Hi Crystal folks – I have a small Crystal 1.8.0 app (on Ubuntu 20.04) that serves some vector tile map data using http/server, the pg shard and crystal-sqlite3. Encoding the vector tile data is somewhat CPU intensive, so I have this running on a 64 core machine with
CRYSTAL_WORKERS set to 40.
This generally works pretty well, but, being used in mapping applications, traffic can be quite bursty: users are likely to make a rapid series of requests all within a short period of time as they pan/zoom around the map.
Every now and then the app freezes for a while and then crashes with the error:
Signals delivery fails constantly at GC #1644 Signals delivery fails constantly Aborted
I run the app in a
while true; do ... loop to restart it when it happens, but is there a better way to handle this, or prevent it?
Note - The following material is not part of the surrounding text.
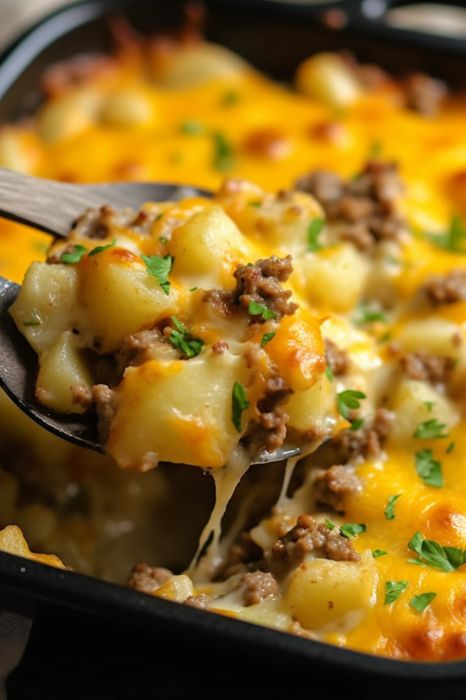 Cheese Hamburger Potato Casserole, Cheeseburger Casserole Potato, Cheese Burger Potato Casserole, Hamburger Meat And Red Potatoes Recipes, Cheesy Beef And Potato Casserole, Hamburg Potato Casserole, Hamburger Potato Casserole Crockpot, Hamburger And Potato Casserole Recipes, Cheeseburger Casserole With Potatoes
From what I can tell, the “Signals delivery fails constantly” error comes from bdwgc (bdwgc/pthread_stop_world.c at 9229da044bbc5f5f131741975c0c35522bed227d · ivmai/bdwgc · GitHub ) but this is a bit over my head as to what to actually do about it. It does seem like there’s a
GC_RETRY_SIGNALS environment variable that I can alter to affect how many times (if at all) lost signals are re-sent, but I really have no idea what’s going on here.
Any ideas about what I might consider?